The next bulb to flash was the ease of canter transitions, which then led to lead changes.  Let me preface this next statement by saying, I have heard many ways of accomplishing these elusive changes, some worked and some didn’t however the one that sticks in my mind was so dismal that I chose to use it as an example here.  I was told to “ride the horse into my outside rein, feather (huh?) my inside rein, push my outside hip forward and to the inside close my outside leg behind the girth and my inside leg at the girth pushing simultaneously with my seat”…..  and viola a canter would ensue.  Honestly!  I couldn’t keep track of half of that will bouncing along on a horse in a dusty indoor ring.  After failing miserably for an hour compounded by my instructor climbing on and cantering around to “show” me how easy it was, I was quite convinced trotting was a noble achievement.  Then came the icing on the cake, which was, the “why” of it all. What did these cues mean after all?  The answer? “ That’s just how you do it, it helps the horse canter.”   Sigh.  Imagine my elation when it was finally explained to me that the horses outside hind foot was actually the first step into the canter and for the correct lead this is the leg you would need to have control over.  That’s when I began to have a bit more success at the canter.  But there where all those pesky body positions to memorize.  I was assured it had to do more with timing than all the technique I had painstakingly memorized yet still I felt I was fighting my horses. 

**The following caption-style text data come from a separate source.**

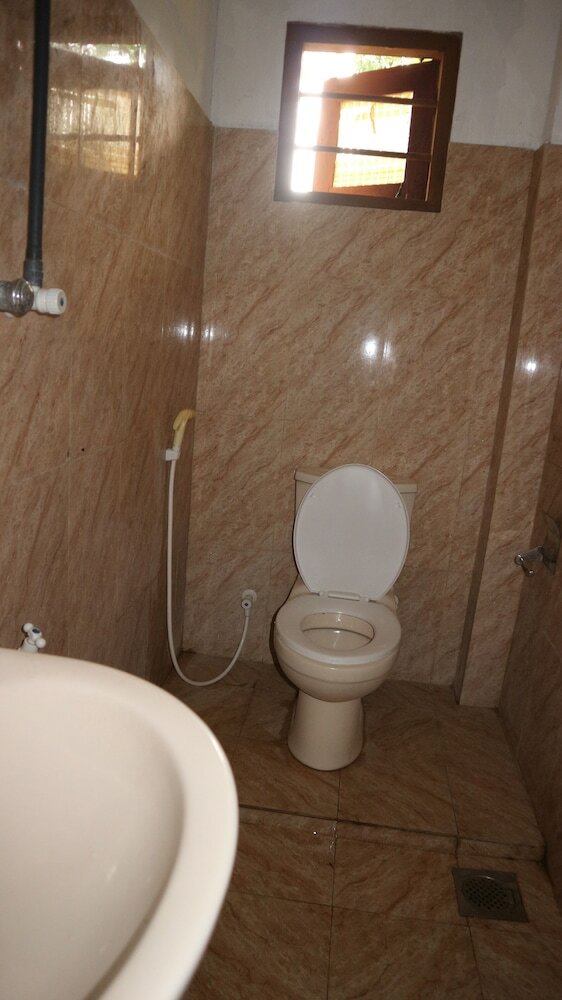 Hotel Senani Guesthouse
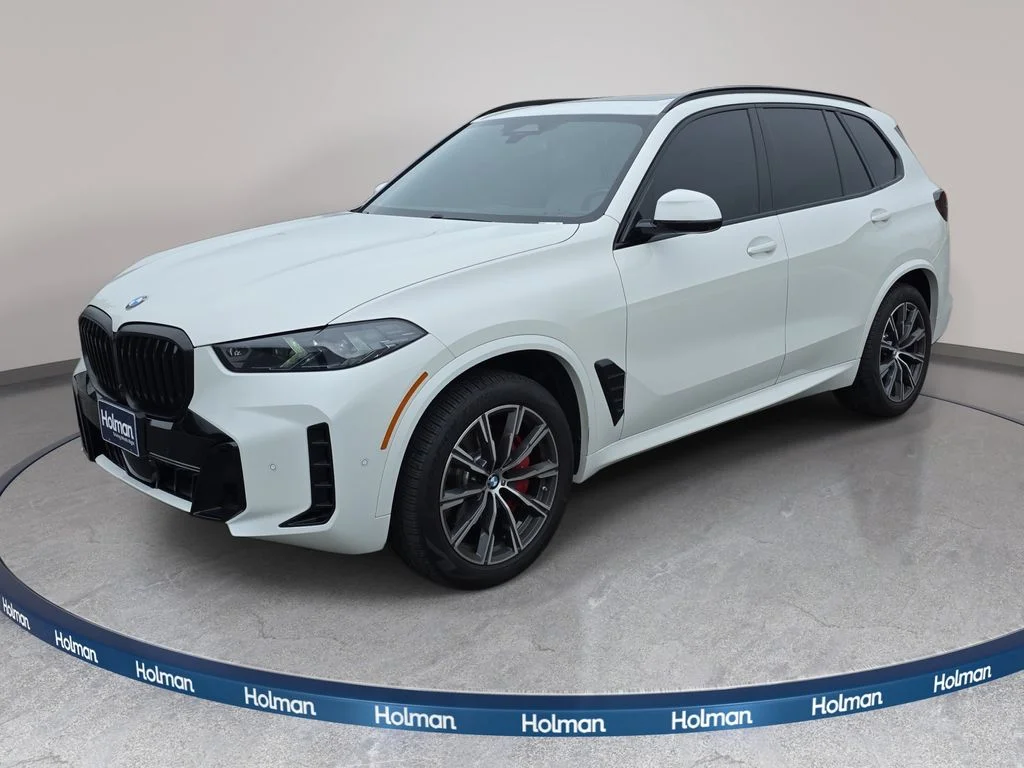 Used 2024 Alpine White BMW xDrive40i image 1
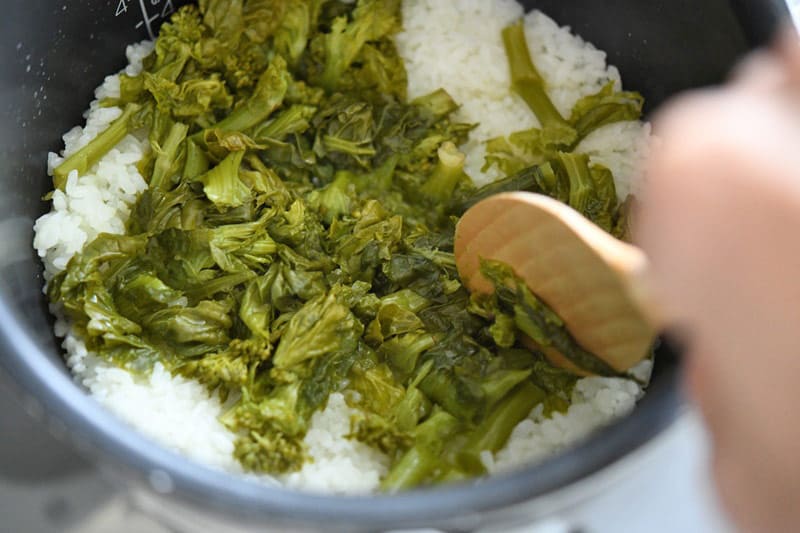 菜の花の炊き込みご飯のレシピ写真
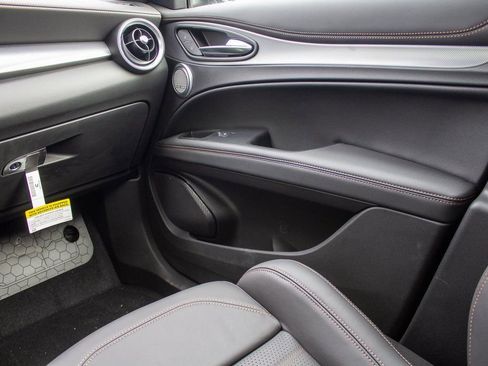 New 2025 Alfa Romeo Stelvio Sprint image 20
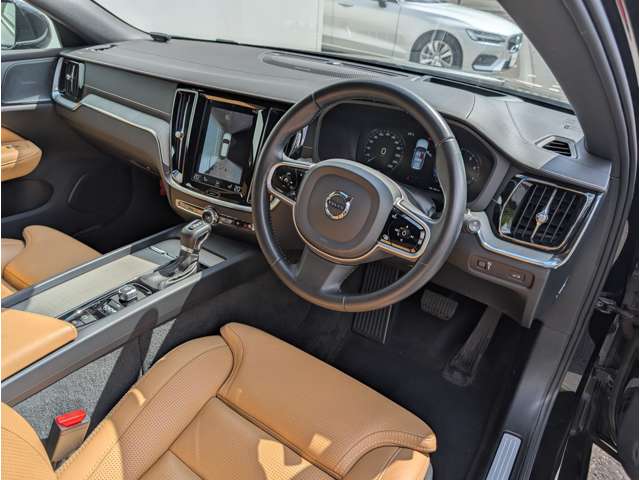 ボルボ Ｖ６０ Ｔ５　インスクリプション R1年 (東北) 99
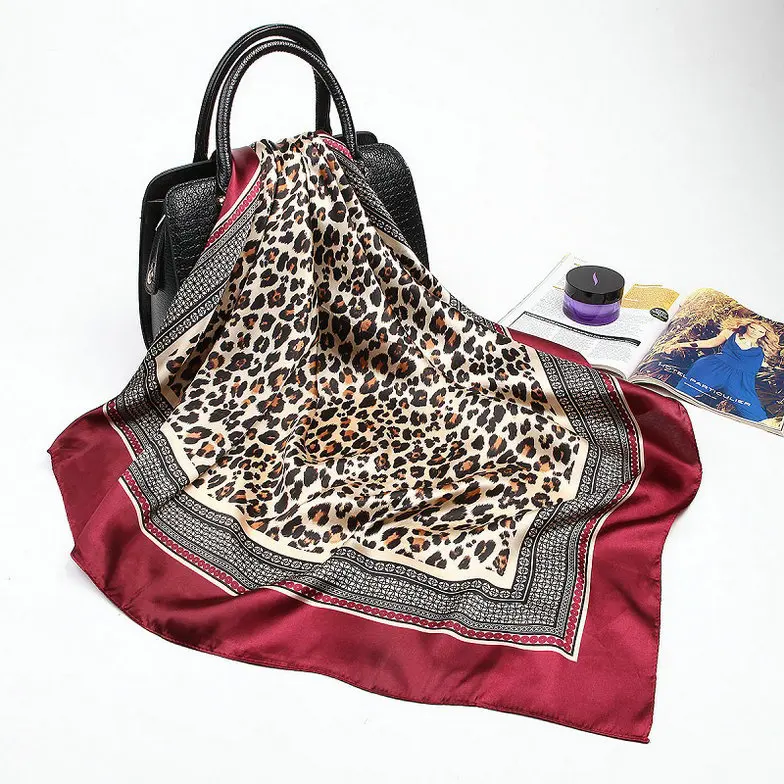 Модные леопардовые шарфы для женщин красный Шелковый сатиновый хиджаб шарф Женский 90*90 см Роскошная квадратная платочная повязка на голову шарфы для дам - Цвет: W41205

The moment of clarity came while at a walk practicing moving my horses’ hip to the inside with my one draped rein, on a 10-meter circle. It dawned on me that at the end of this exercise I would be able to ask my horse to leave her hips to the inside therefore allowing me to apply my go forward cue to ask for more foot speed thus facilitating a correct lead canter depart! Control of the hip. In Lyons terms, riding one piece of the horse at a time. The key to my canter, with no body positions to distract me.  It opened other doors as well, like that pesky haunches in, turn on the forehand and half pass.  All things that the terms “ more leg! ” and “more seat” where used repeatedly, to my consternation. Yet here during a simple and relaxing exercise at the walk, I was able to see the big picture. Boy was I excited!  It was like that perfect golf shot, that nothing but net throw.  It was a home run on horseback. For some people, this is an everyday happening.  Maybe they have “the “ instructor, “the” horse or simply” the “ talent.  For the rest of us, there is only “the “ hope that one day we will not have to fake it any more.